L’Orchidée, Danse et Musique Vivantes - Quelques textes
L’Orchidée, Danse et Musique Vivantes - Quelques textes
1 janvier 2013
« Terra poetica » Note d'intention projet 2013
L'Orchidée, Danse et Musique Vivantes
“Danses pour ceux qui sont là...”
Projet 2013
Présentation
«Terra poetica
Dans l’horizon de la terre telle qu’aujourd’hui dévastée...
- une itinérance poétique en quête d’images et d’énoncés offrant motifs
pour le déploiement d’une danse...»
L’édition récente en français de «Les limites à la croissance (dans un monde fini) - le rapport Meadows, 30 ans après» (2004 pour l’édition anglaise, 2012 pour la version française), ou la lecture de l’excellent livre de Jared Diamond : Effondrement (titre anglais: «Collapse: how sociéties chose to fail or succeed» -2005), ou cet article du Monde du 8 juin 2012 titré: «La biosphère mondiale à la veille d’une crise «irréversible»», tous ces écrits indiquent sans ambigüité que l’horizon qui est le nôtre aujourd’hui est celui d’une terre en train d’être partiellement dévastée.
Ainsi, Jared Diamond, biologiste et géographe écrit: «Les processus par lesquels les sociétés anciennes ont causé leur propre perte en endommageant leur environnement sont au nombre de huit, dont l’importance relative varie selon les cas: la déforestation et la restructuration de l’habitat, les problèmes liés au sol (érosion, salinisation, perte de fertilité); la gestion de l’eau; la chasse excessive; la conséquence de l’introduction d’espèces allogènes parmi les espèces autochtones; la croissance démographique et l’augmentation de l’impact humain par habitant.» puis: «Les problèmes environnementaux que nous devons affronter aujourd’hui sont identiques aux huit problèmes qui ont causé la perte des sociétés anciennes, mais quatre nouveaux s’y ajoutent: «Les changements climatiques causés par l’homme; l’utilisation de produits chimiques toxiques dans l’environnement; les pénuries d’énergie; l’utilisation humaine maximale de la capacité photosynthétique de la terre.» (Effondrement p18-20)
Les auteurs du rapport Meadows et de son actualisation 30 ans après, écrivant, pour leur part: «L’économie humaine utilise aujourd’hui tant de ressources capitales et produit tant de déchets qu’elle n’est pas soutenable. Les sources se tarissent, les exutoires se remplissent et, pour certains, débordent. La plupart des flux ne peuvent être maintenus sur le long terme, même à leur débit actuel, à fortiori s’ils s’intensifient. Nous estimons que beaucoup vont atteindre un pic puis décliner au cours de ce siècle.

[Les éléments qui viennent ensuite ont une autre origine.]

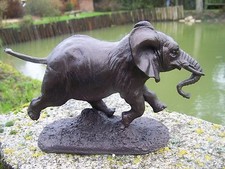 RE0073  SUPERBE   ELEPHANT DU  SENEGAL DE BARYE REPRODUCTION FIGURINE STATUETTE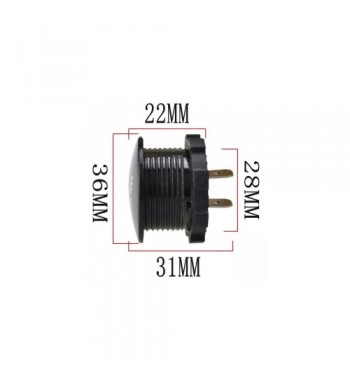 Voltmetru 12-24V -5-30V cu LED Rosu  Cod: DS400B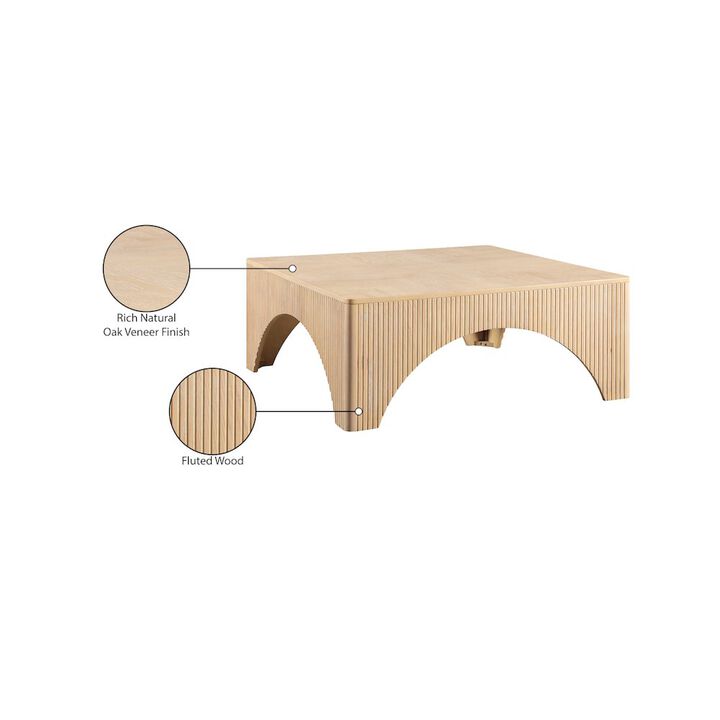 Meridian Furniture Eloise Natural Oak Veneer Coffee Table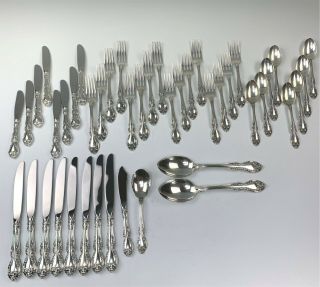 44 - Pc Gorham Melrose Sterling Silver Flatware Set,  Service For 8 No Mono 3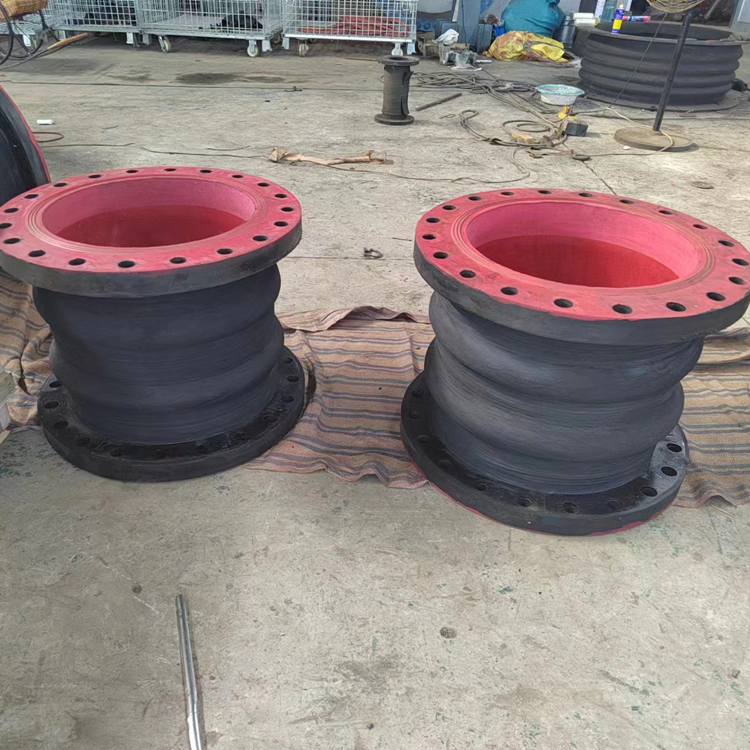 可曲挠柔性橡胶软连接 高抗磨圆形法兰软接头 伸缩减震补偿器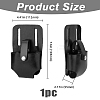 PU Imitation Leather Tape Measure Holder for Belt AJEW-WH0347-64-2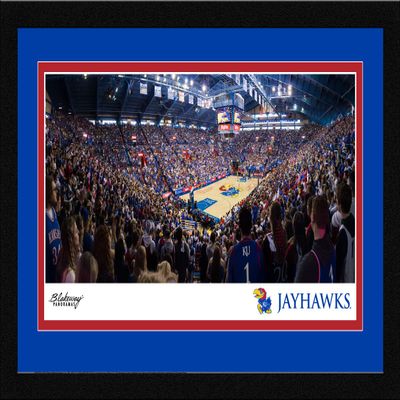 Kansas Jayhawks Basketball - 20 3/8 x 12 3/8-inch Framed Picture with Mat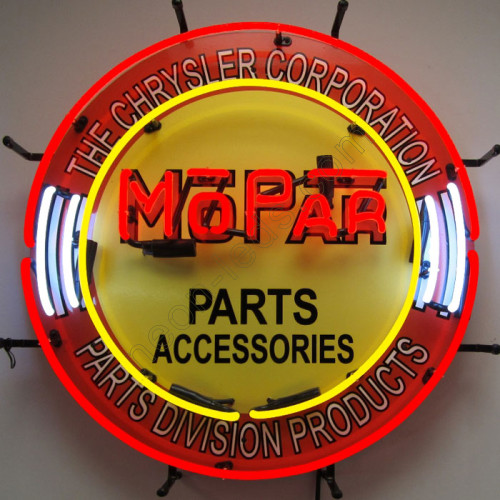 MOPAR Parts Accessories Neon Auto Sign WL-MOP036-3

Ces flux élevés ne sont pas nécessaires. Des changements au niveau de la technique, des modes de répartition et des institutions pourraient les réduire fortement tout en maintenant et même en améliorant la qualité de vie moyenne des habitants de la planète.
Le fardeau que les hommes font peser sur l’environnement dépasse d’ores et déjà les limites soutenables et ne pourra durer plus d’une génération ou deux. Conséquence: on constate déjà de nombreux impacts négatifs sur la santé et sur l’économie.» (p101-102)
Quant à l’article du Monde du 8 juin 2012, cité plus haut, il relate qu’ une étude «conduite par Anthony Barnosky, chercheur au département de biologie intégrative de l’université de Californie à Berkeley(Etats-Unis) et co-signée par une vingtaine de chercheurs issus de plusieurs disciplines, appartenant à une quinzaine d’institutions scientifiques internationales pointe l’imminence -c’est-à-dire, aux échelles de temps planétaires, d’ici à «quelques générations» - d’une transition brutale vers un état de la biosphère terrestre inconnu d’Homo sapiens depuis l’émergence de l’espèce, voilà quelque 200 000 ans.(...) Il est projeté que dans le siècle, les climats rencontrés aujourd’hui sur 10% à 48% de la superficie de la terre aient disparu et que des conditions climatiques qui n’ont jamais été rencontrées par les organismes actuels règnent sur 12% à 39% de la surface de la planète»
De tout cela, il ressort que les modalités mises en oeuvre et pratiquées aujourd’hui par les humains pour habiter cette terre s’avèrent dévastatrices et donc, à très prochain terme mortifère. Elles le sont déjà de façon manifeste pour nombre d’espèces animales et végétales qui constituaient pourtant une immense richesse en terme de potentiel de biodiversité.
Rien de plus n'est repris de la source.